→ **To do**
Could you return all of the entries below exactly, minus the pictures?

[Crawled caption data]
..........

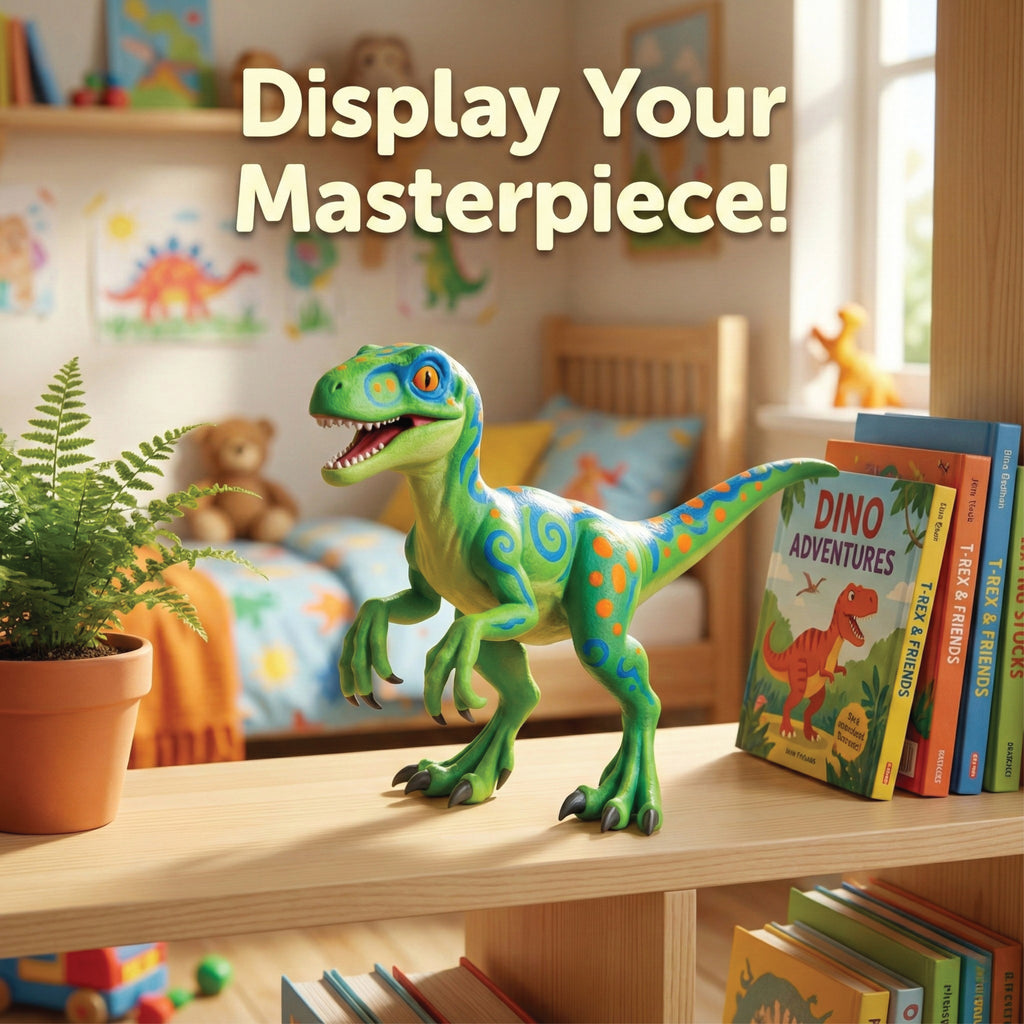 Unscroo DIY 3D Model Painting Kits - Dinosaurs - 3D Printed Art & Craft Hobby Gift for Kids, Teens & Adults - Return Gift Sets (Velpciraptor Single)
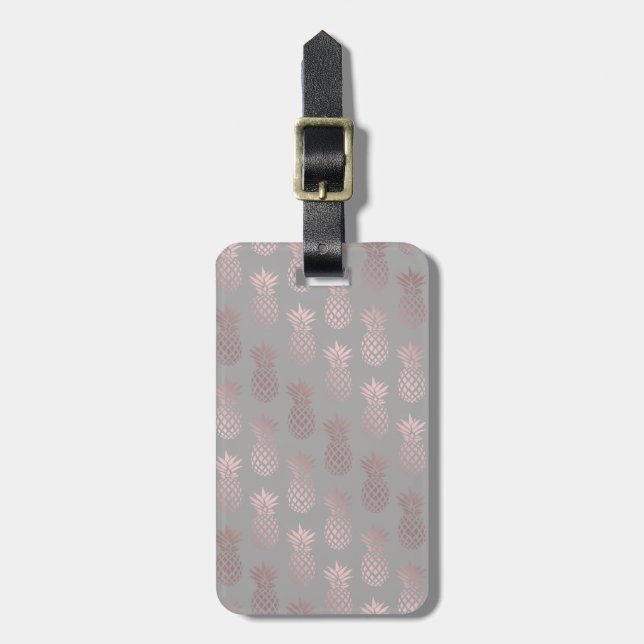 Étiquette À Bagage Élégant rose d'or et d'ananas gris motif (Devant Vertical)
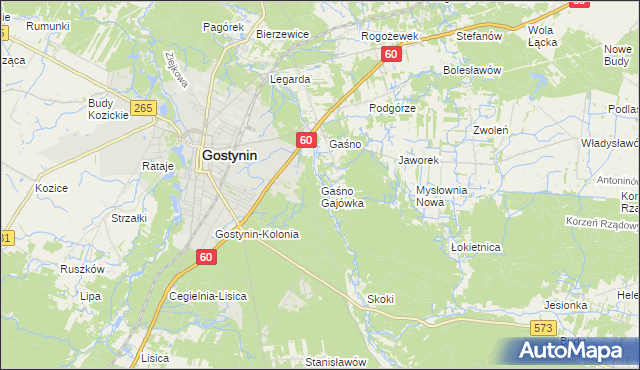 mapa Gaśno Gajówka, Gaśno Gajówka na mapie Targeo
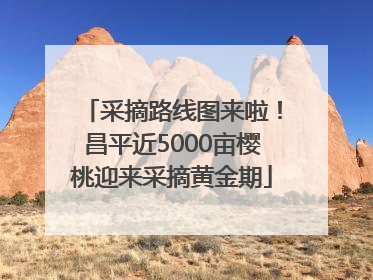 采摘路线图来啦！昌平近5000亩樱桃迎来采摘黄金期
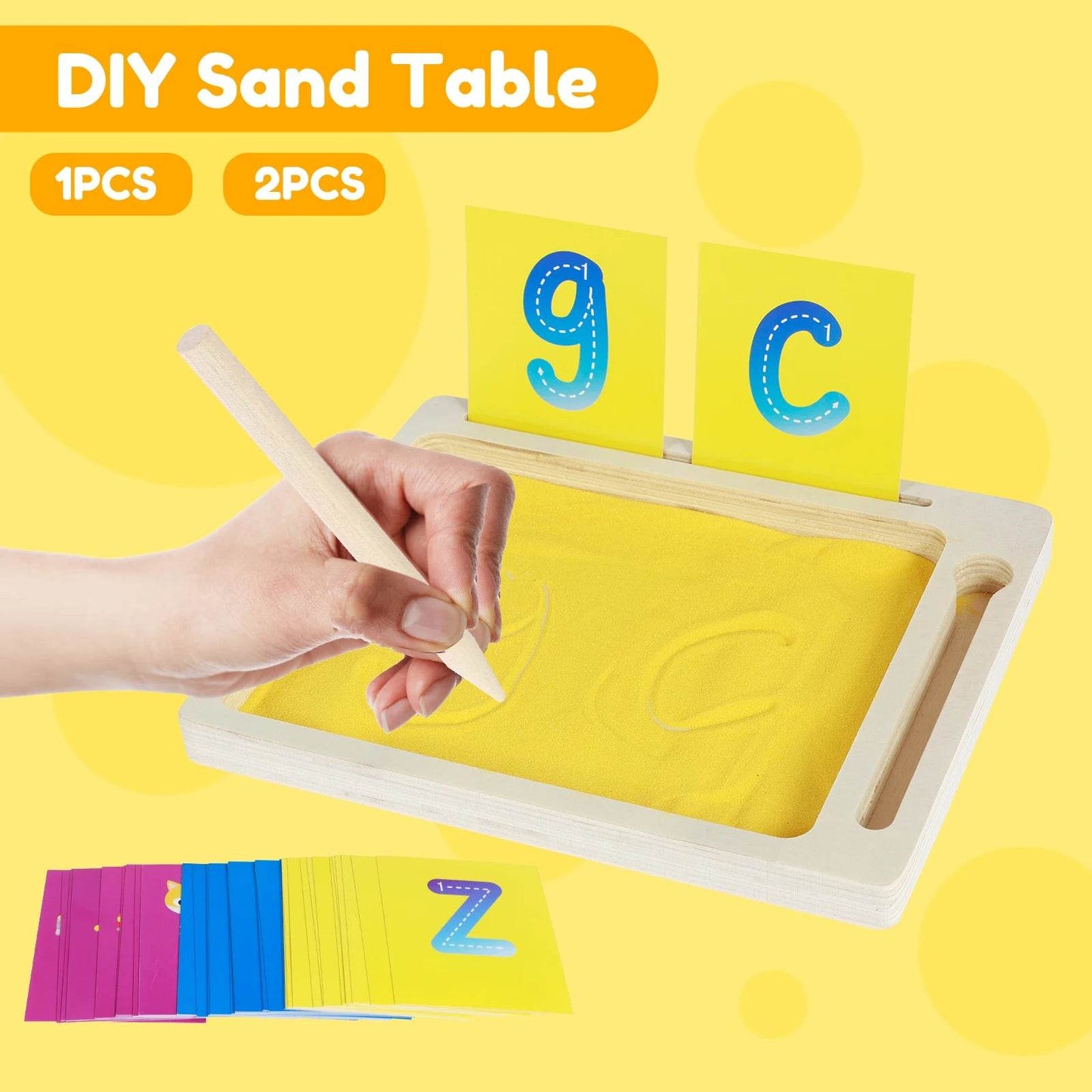 1/2PCS Wooden Montessori Sand Tray With Wooden Pen For Writing Letters And Numbers Early Educational Toys Gifts Party Game - ToylandEU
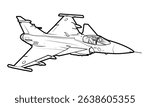 Vector line art of a Swedish, light single-engine supersonic multirole fighter aircraft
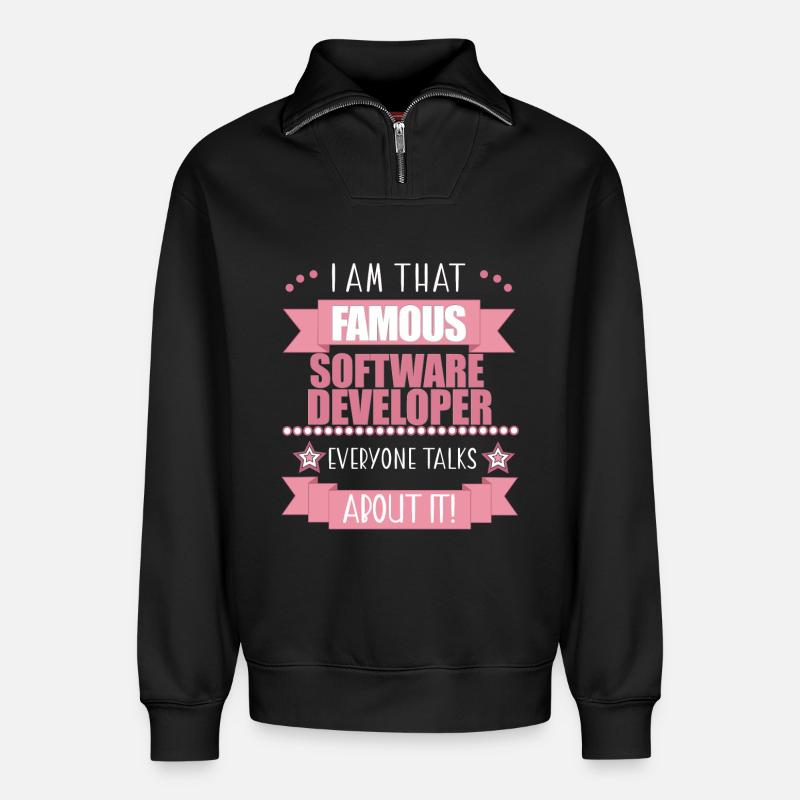 Software Developer Profession Ladies Gift - Relaxed Unisex Organic Half Zip Sweatshirt – by SPREAD - black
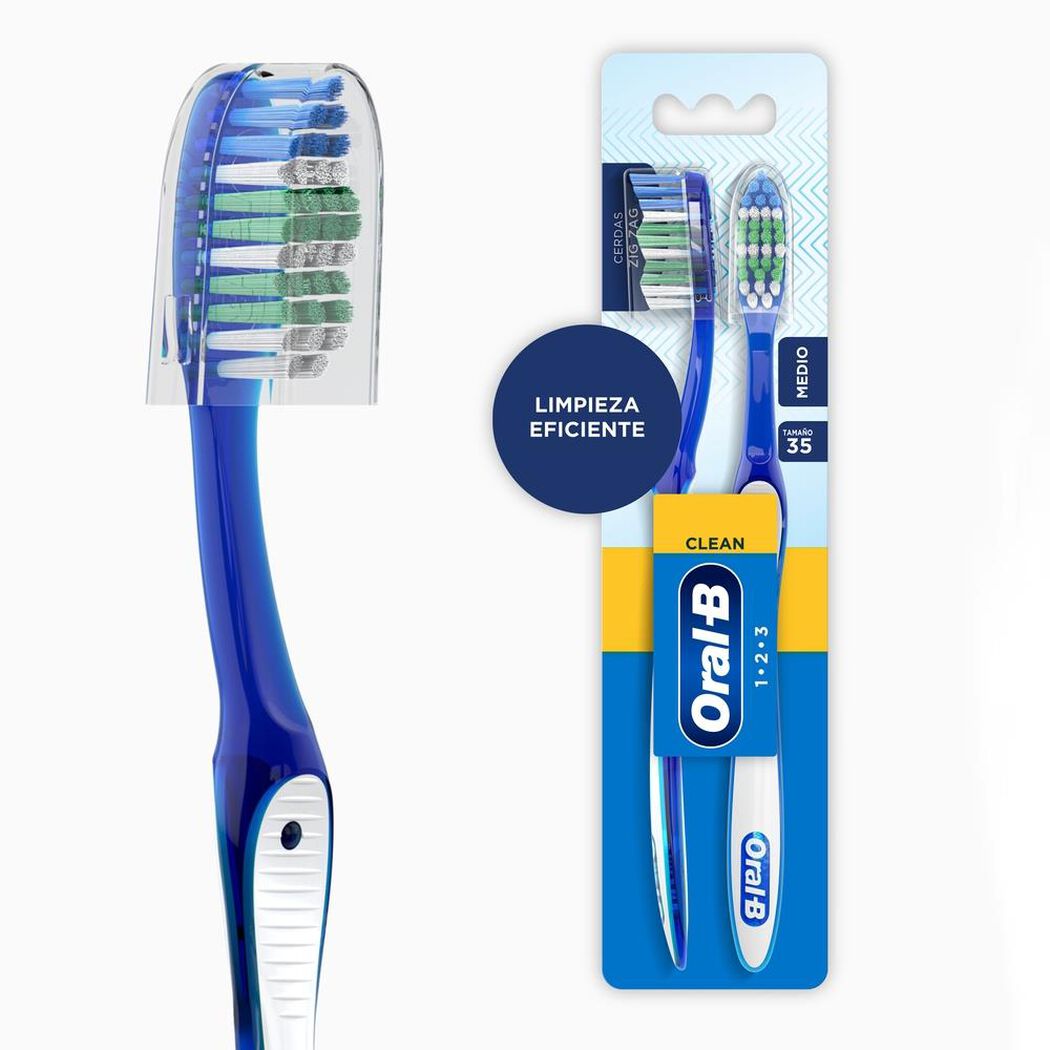 Cepillo de Dientes Oral B Clean Medio 2 un, , large image number 0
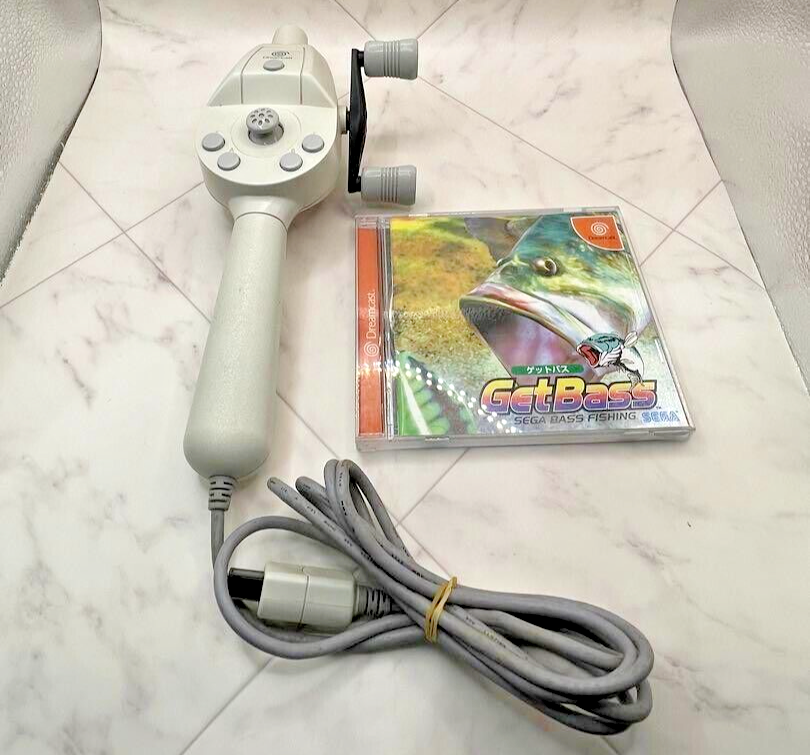 Contrôleur Canne à Pêche SEGA Dreamcast HKT-8700 – Avec Jeu Get Bass – NTSC-J Japon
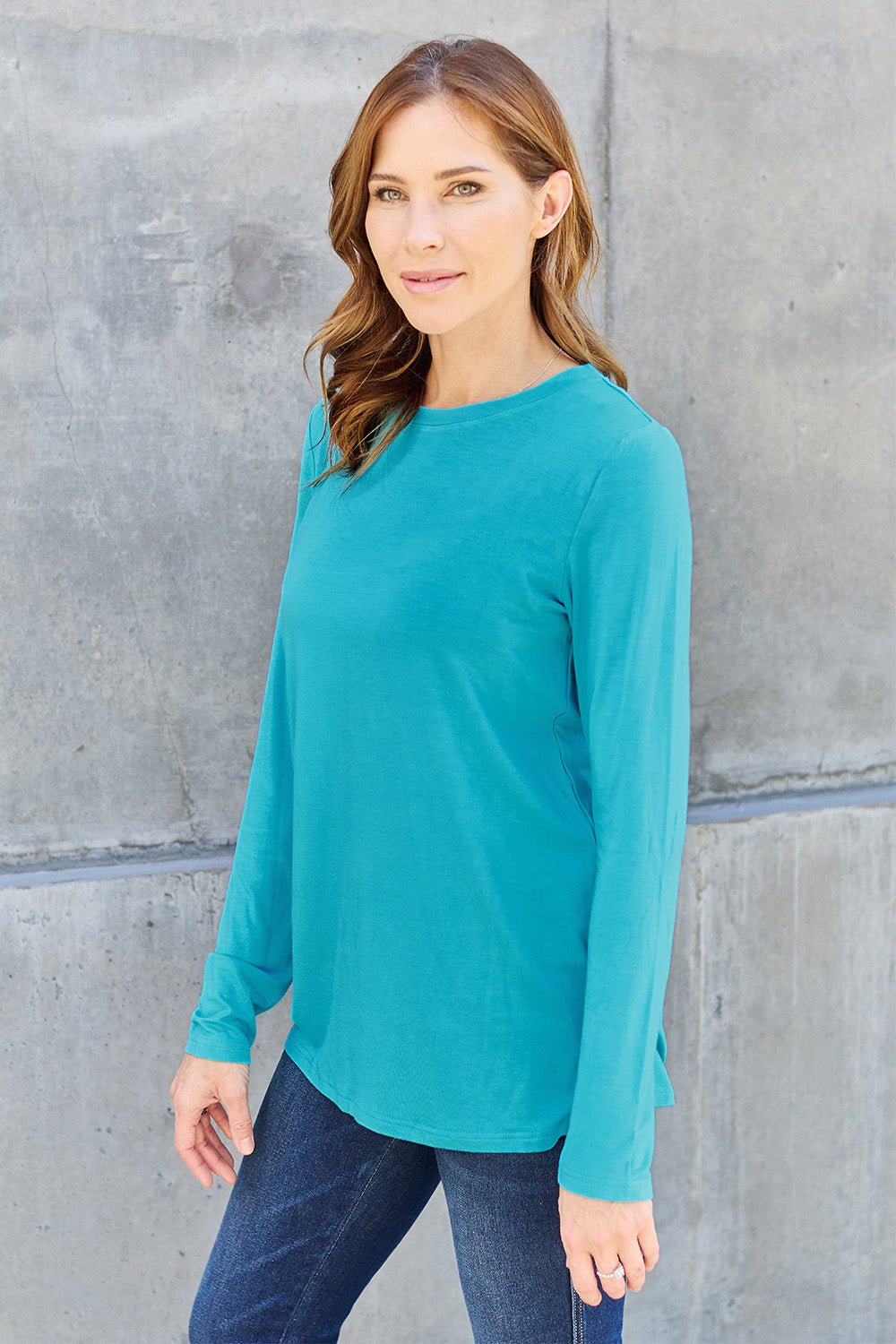 Basic Bae Full Size Round Neck Long Sleeve Top - Bella Blue Styles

..........

→ **Completed task**
 Unscroo DIY 3D Model Painting Kits - Dinosaurs - 3D Printed Art & Craft Hobby Gift for Kids, Teens & Adults - Return Gift Sets (Velpciraptor Single)
 Étiquette À Bagage Élégant rose d'or et d'ananas gris motif (Devant Vertical)
 mapa Gaśno Gajówka, Gaśno Gajówka na mapie Targeo
 采摘路线图来啦！昌平近5000亩樱桃迎来采摘黄金期
 1/2PCS Wooden Montessori Sand Tray With Wooden Pen For Writing Letters And Numbers Early Educational Toys Gifts Party Game - ToylandEU
 Vector line art of a Swedish, light single-engine supersonic multirole fighter aircraft
 Software Developer Profession Ladies Gift - Relaxed Unisex Organic Half Zip Sweatshirt – by SPREAD - black
 Cepillo de Dientes Oral B Clean Medio 2 un, , large image number 0
 Contrôleur Canne à Pêche SEGA Dreamcast HKT-8700 – Avec Jeu Get Bass – NTSC-J Japon
 Basic Bae Full Size Round Neck Long Sleeve Top - Bella Blue Styles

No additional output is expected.